Open fansiawang opened 4 years ago

fansiawang commented 4 years ago

🐛 Bug

When I trained a simple transformer model by setting share_all_embeddings=True, share_decoder_input_output_embed=True, I got a same model size by setting these two parameters to false. In addition, if I train the model on CPU, then I will get different model size by setting these two parameters to false, the model size of shared one maybe half of the not shared one. I think, sharing embedding not only to reduce the parameter number, but also to reduce the model size.

I try the previous fairseq(0.8.0), I can get different model size by setting these two parameters to different value. I don't quite understand why this implementation has to be modified.

The reason why I got the same size whether sharing embedding or not is that the GPU version will change the address of embedding tensor after convert all state to CPU.

I print the address of embedding tensor in fairseq/checkpoint_utils.py.

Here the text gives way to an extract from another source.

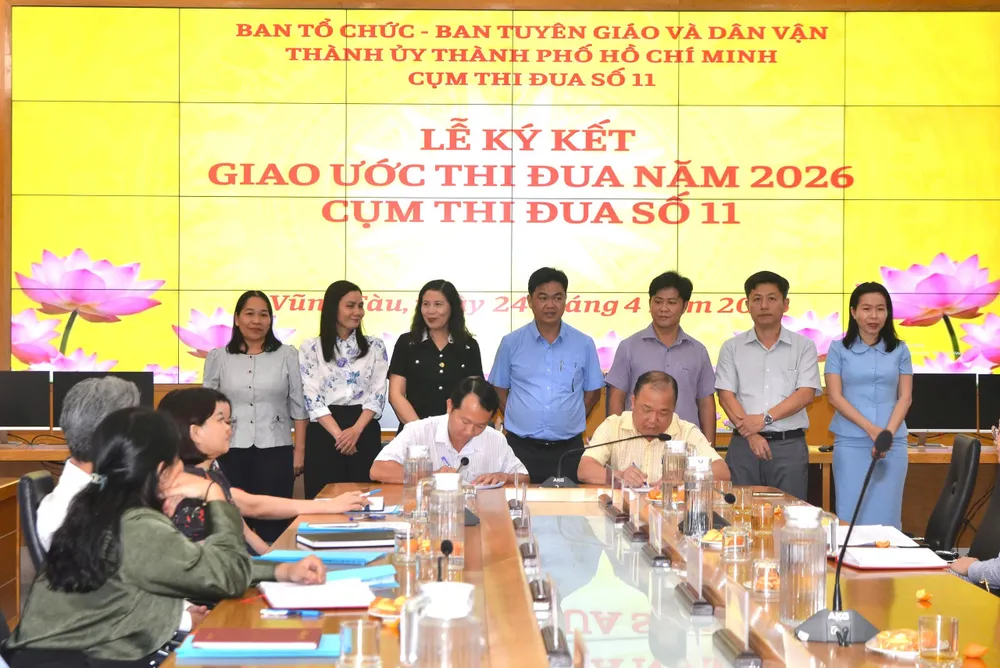 vt - ky ket thi dua.jpg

280    print("************* before convert all state to CPU *********")
281     for k, v in model_state_dict.items():
282     ¦   if "encoder.embed_tokens.weight" in k or "decoder.output_projection.weight" in k:
283     ¦   ¦   print(k, "#########", v.data_ptr())
284      
285     # convert all state to CPU
286     state_dict = utils.move_to_cpu(state_dict)
287      
288     print("************* after convert all state to CPU *********")
289     for k, v in state_dict["model"].items():
290     ¦   if "encoder.embed_tokens.weight" in k or "decoder.output_projection.weight" in k:
291     ¦   ¦   print(k, "#########", v.data_ptr())

The result is:

************* before convert all state to CPU *********
encoder.embed_tokens.weight ######### 139854906130432
decoder.output_projection.weight ######### 139854906130432

************* after convert all state to CPU *********
encoder.embed_tokens.weight ######### 139849528733760
decoder.output_projection.weight ######### 139840124805184

The address changed after coverting all state to CPU.

To Reproduce

python train.py $data_dir \ --dropout 0.1 \ --clip-norm 0.1 \ --max-tokens $max_tokens \ --seed $seed \ --num-workers 4 \ --optimizer adafactor \ --criterion label_smoothed_cross_entropy \ --label-smoothing 0.1 \ --weight-decay 0.0 \ --lr 0.0003 \ --lr-scheduler inverse_sqrt \ --warmup-init-lr 1e-07 \ --warmup-updates 4000 \ --arch transformer \ --save-dir $model_dir \ --update-freq 8 \ --me 100 \ --log-interval 1 \ --save-interval-updates 1 \ --keep-interval-updates 1 \ --no-progress-bar \ --empty-cache-freq 64 \ --ddp-backend=no_c10d


- train on CPU or GPU by setting the following envirment :
`CPU: export CUDA_VISIBLE_DEVICES=""`
`GPU: export CUDA_VISIBLE_DEVICES="0"`

- set the shared parameter in `fairseq/models/transformer.py`

args.share_decoder_input_output_embed = getattr(args, "share_decoder_input_output_embed", True) args.share_all_embeddings = getattr(args, "share_all_embeddings", True)



### Expected behavior

CPU shared model: 659M
CPU not shared model: 1.6G
GPU shared model: 1.6G
GPU not shared model: 1.6G

But I think the GPU shared model size should be 659M.

### Environment

 - fairseq Version (e.g., 1.0 or master): lastest(master, 2020.5.12)
 - PyTorch Version (e.g., 1.0): 1.4.0
 - OS (e.g., Linux): CentOS 7.2
 - How you installed fairseq (`pip`, source):
 - Build command you used (if compiling from source): pip install --editable .
 - Python version: 3.7.3
 - CUDA/cuDNN version: 10.0
 - GPU models and configuration: 2080
 - Any other relevant information:
villmow commented 4 years ago

Does this bug cause all Transformers trained with --share-all-embeddings to currently not share embeddings after initialization?

fansiawang commented 4 years ago

When you train with --share-all-embeddings, the model will share all embeddings during training on GPU. But when saving checkpoint, it will save three same parameters into the model. I think it is better to save only one parameter because we share the embedding.